Na última semana, a grande imprensa publicou extenso material – reportagens, infográficos, análises – com as tradicionais panorâmicas de pátios lotados para dar conta do pior mês de faturamento da indústria automobilística desde 2002.
Nunca vi, mas continuo querendo ver o mesmo sobre a crise cotidiana da própria, a imprensa.
Por azar, na mesma semana, soube-se que os jornais Estado de Minas e O Globo demitiram algumas dezenas de jornalistas e a poderosa Abril, que edita Veja, entregou metade do simbólico prédio que lhe servia de sede, alugado do Fundo de Pensão do Banco do Brasil.
Nem uma linha.
Quem quisesse ler a respeito teve que recorrer aos blogs alinhados com o governo e se satisfazer com sua leitura meio cambeta que enfatiza a questão ideológica como causa principal do martírio dos jornalões e das revistonas: estariam desabando por terem tomado partido.

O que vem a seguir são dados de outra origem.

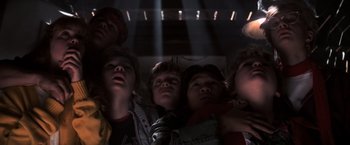 Movie still from “The Goonies” (1985), directed by Richard Donner – A group of people that are looking up at the sky; Medium shot, Low angle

Novesfora que a Veja tenha mesmo afastado muitos – ou todos – eleitores à esquerda, por conta de sua militância algo panfletária, não é novidade que o eleitor bem informado compra cada vez menos em banca e faz cada vez menos assinaturas, por estar satisfeito com o que acha de graça na internet.
Excelentes revistas da mesma editora, como Exame, também estão indo para o mesmo buraco.
Negócio do impresso está acabando
O problema crucial é que o negócio de jornais e revistas impressos está acabando e sua alternativa de sobrevivência, nos sites, no mesmo tamanho que têm, não é promissora.
Os principais jornais e revistas – Estadão, Folha, O Globo, Veja, Exame, Época etc – conseguiram levar seus leitores para os sites e até multiplicar a sua audiência pelas facilidades multiplicatórias das redes sociais. A Folha tem mais de 300 milhões de visitantes únicos no mês e só Reinaldo Azevedo, colunista da Veja, teve 16 milhões de acessos em outubro.
Só que o modelo de negócios não é transmutável.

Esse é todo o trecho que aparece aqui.